• Aim of the exercise: Quote only the lines that start at the line with "Soccer - Arsenal" and run to the end of the entries; omit the pictures.

• Record set:

BEGIN

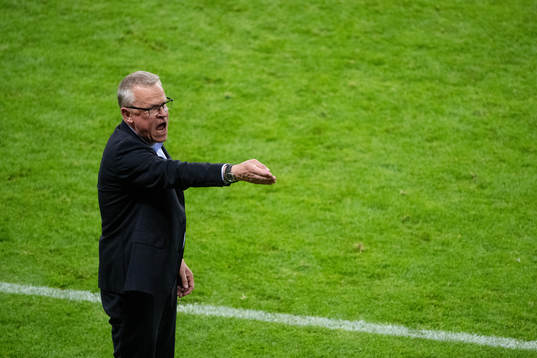 Head coach Janne Andersson of Sweden reacts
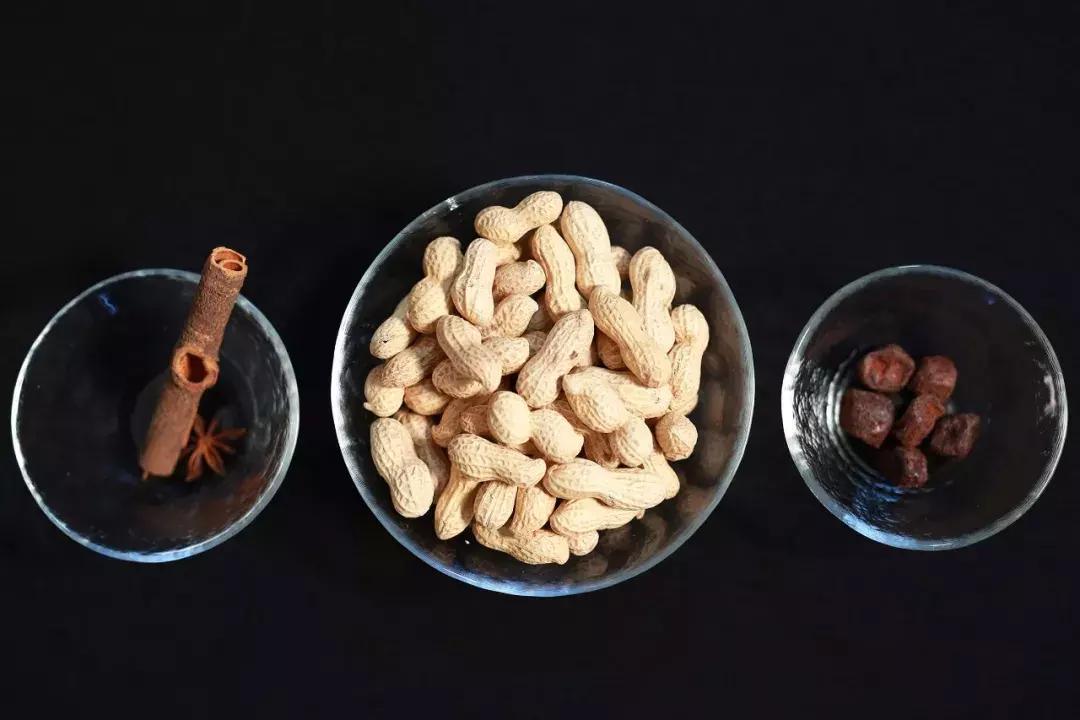 话梅花生里的话梅,花生和巧克力的碰撞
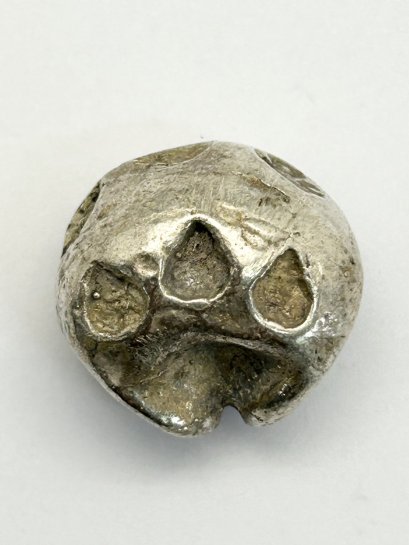 เงินตราโบราณ เนื้อโลหะ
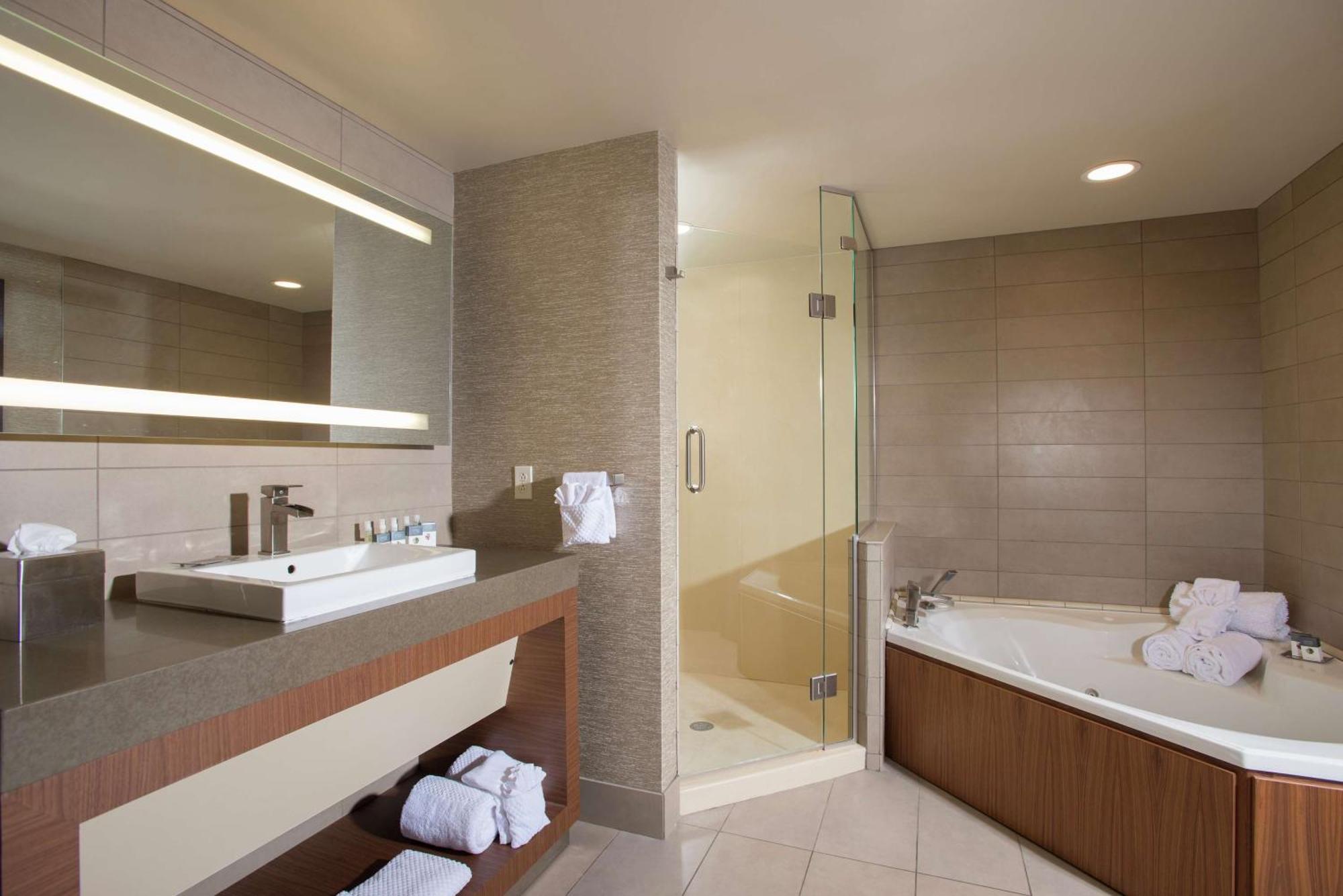 เดอะ บรอดเวย์ โคลัมเบีย - อะ ดับเบิลทรี บาย ฮิลตัน Hotel ภายนอก รูปภาพ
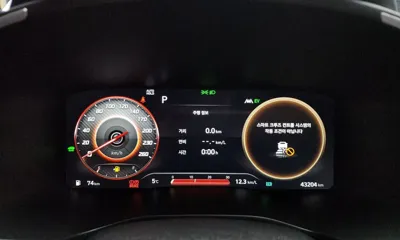 Hyundai Santafe 2022, 43204 км, за 21125.81 USD - фото 8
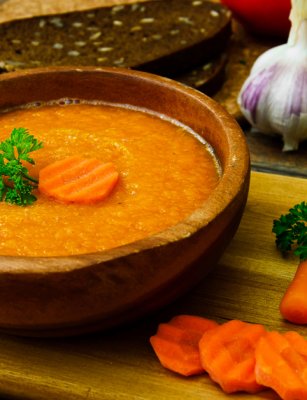 Mrkvová curry polievka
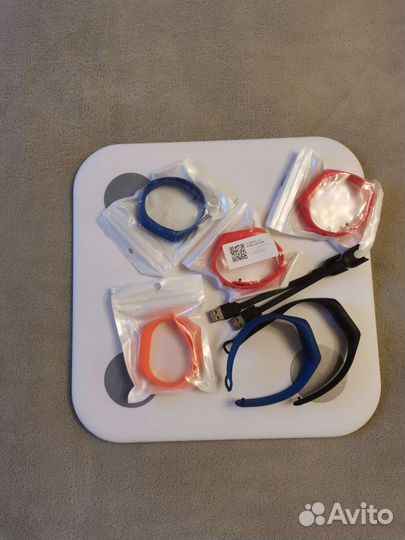 Умные весы xiaomi, 2 фитнес браслета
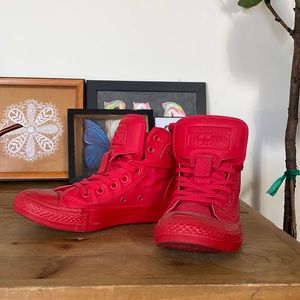 All red converse. Very clean and Hardly ever worn.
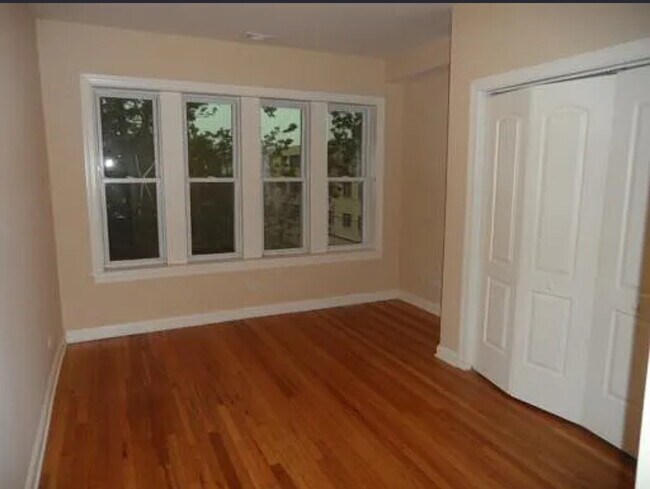 Building Photo - 7211 N Damen Ave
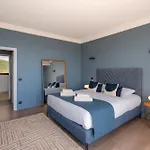 Chateau Di Cardiccia A Luxury 7-bedroom With Air Conditioning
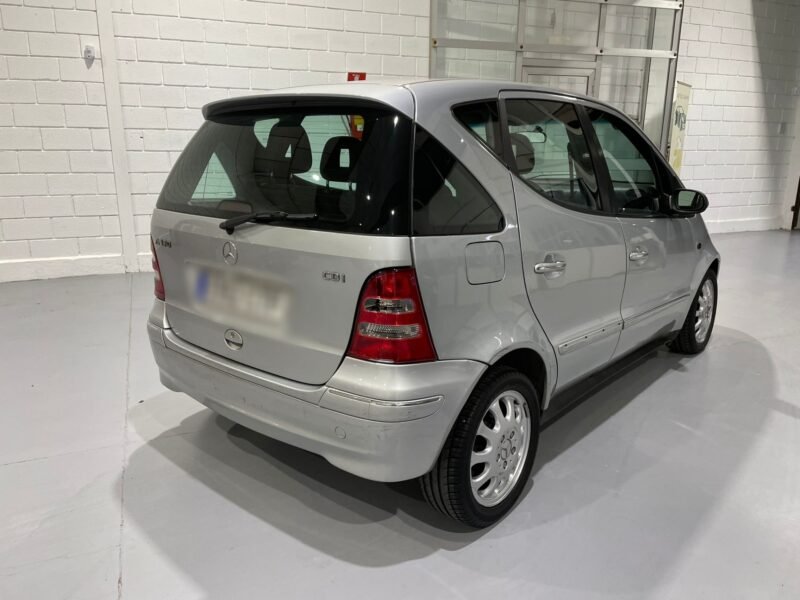 MERCEDES-BENZ Clase A Elegance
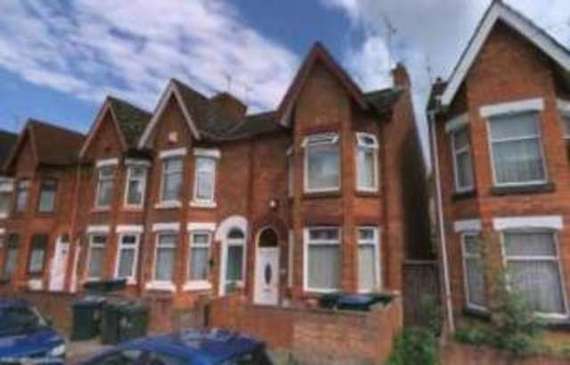 4 Bedroom End of Ter...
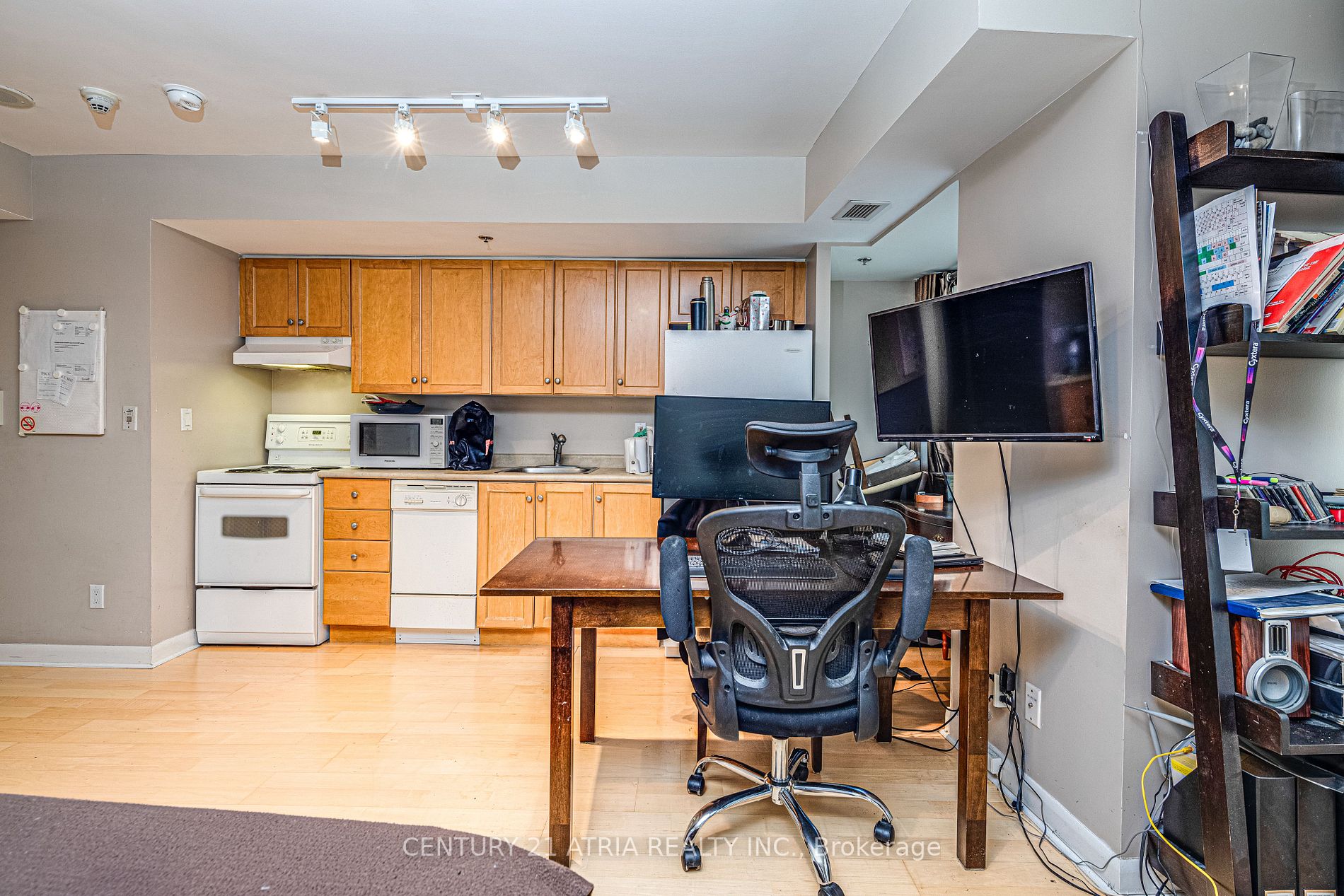 210 Victoria St, #809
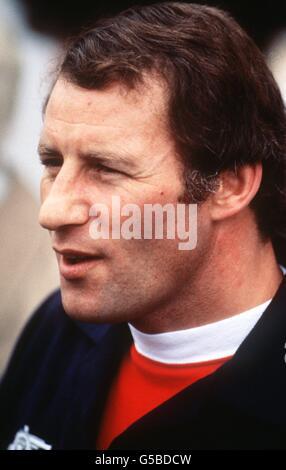 Soccer - Arsenal Training. Arsenal manager Terry Neill Stock Photo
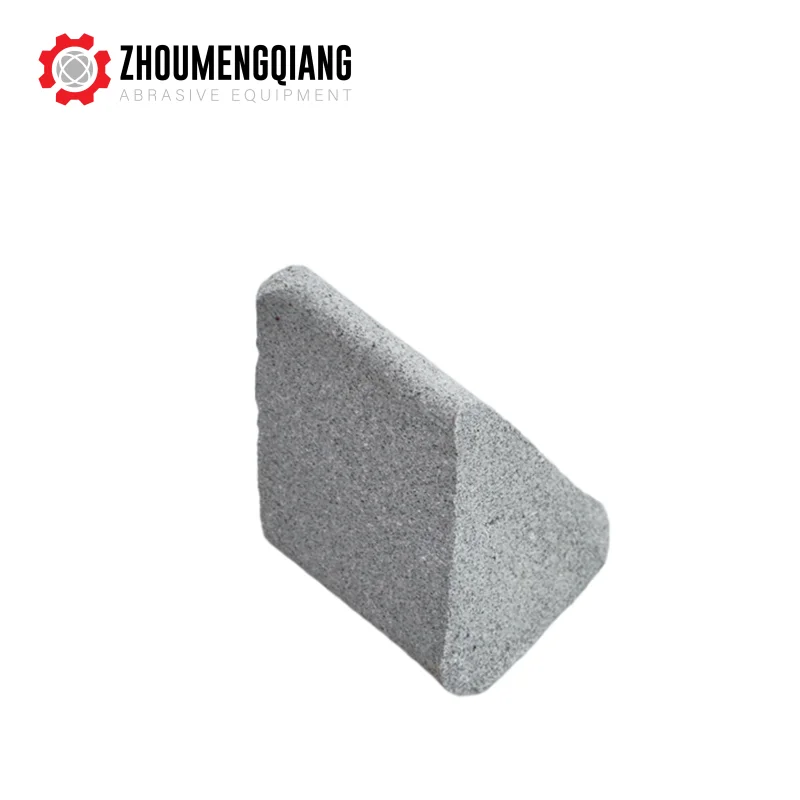 Abrasive Deburring Tumbling Grinding Angle Cut Triangle Ceramic Media Chips Stone Vibratory Barrel Disc Machine Finishing Media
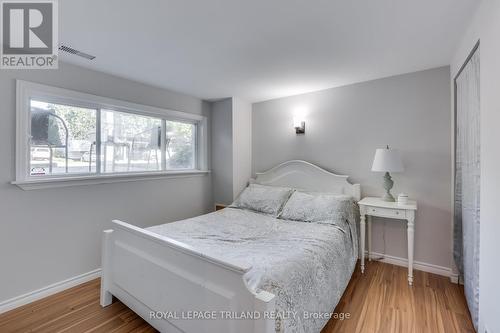 158 Front Street E, Strathroy-Caradoc (Ne), ON - Indoor Photo Showing Bedroom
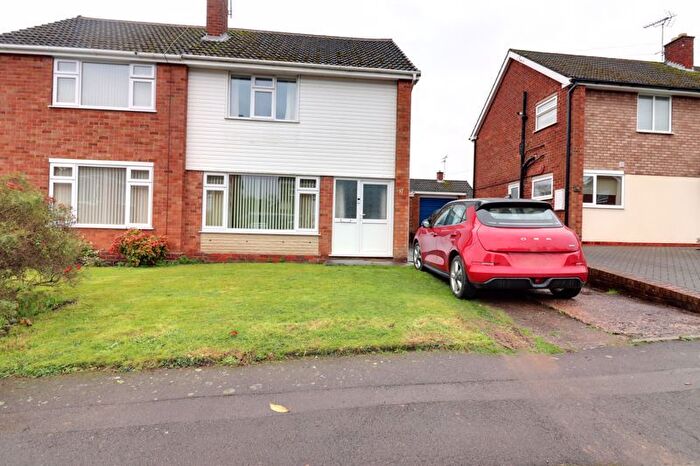 3 Bedroom Semi-Detached House For Sale In Wordsworth Avenue, Castle Ridge, Stafford, ST17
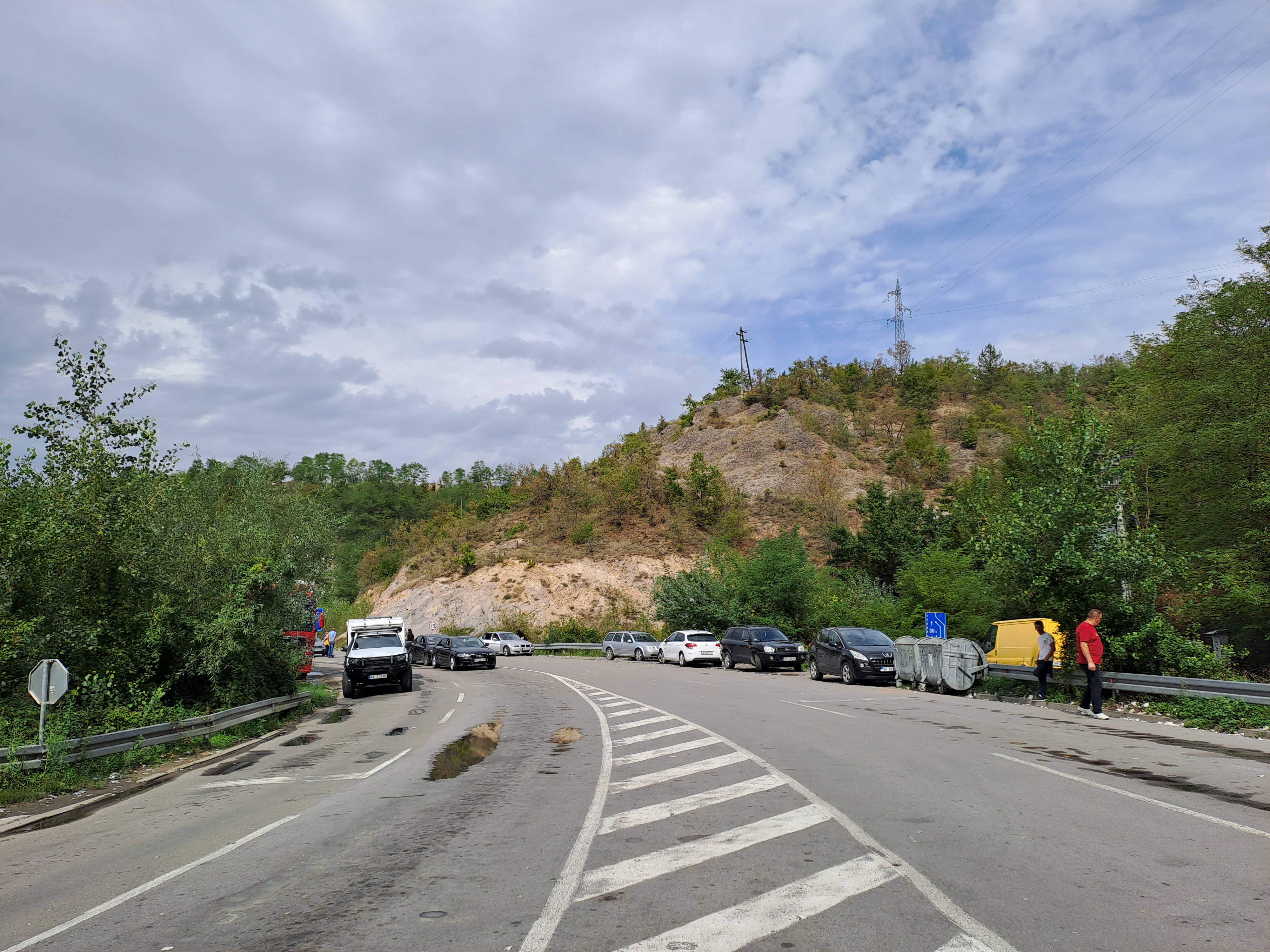 Na Jarinju zabranje prolaz vozila/ Foto: RINA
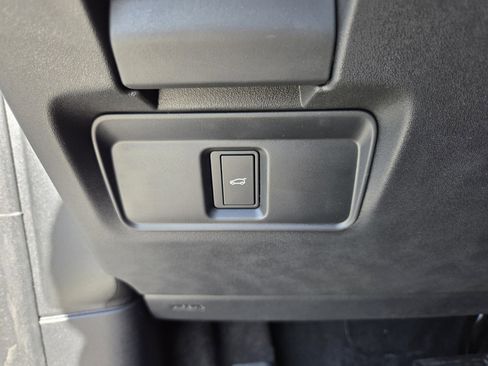 New 2025 Land Rover Discovery Sport S image 15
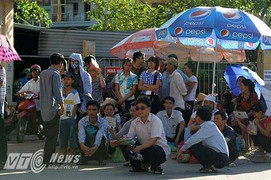 Đưa con đi thi, một phụ huynh bị đột quỵ tử vong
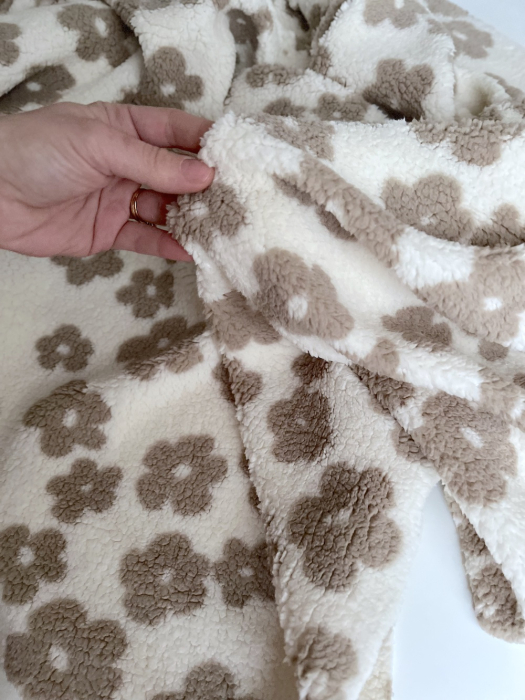 Teddy / moumoute bouclé fond lait motif fleurs Mailles - 7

END

• Task result:
 Soccer - Arsenal Training. Arsenal manager Terry Neill Stock Photo
 Abrasive Deburring Tumbling Grinding Angle Cut Triangle Ceramic Media Chips Stone Vibratory Barrel Disc Machine Finishing Media
 158 Front Street E, Strathroy-Caradoc (Ne), ON - Indoor Photo Showing Bedroom
 3 Bedroom Semi-Detached House For Sale In Wordsworth Avenue, Castle Ridge, Stafford, ST17
 Na Jarinju zabranje prolaz vozila/ Foto: RINA
 New 2025 Land Rover Discovery Sport S image 15
 Đưa con đi thi, một phụ huynh bị đột quỵ tử vong
 Teddy / moumoute bouclé fond lait motif fleurs Mailles - 7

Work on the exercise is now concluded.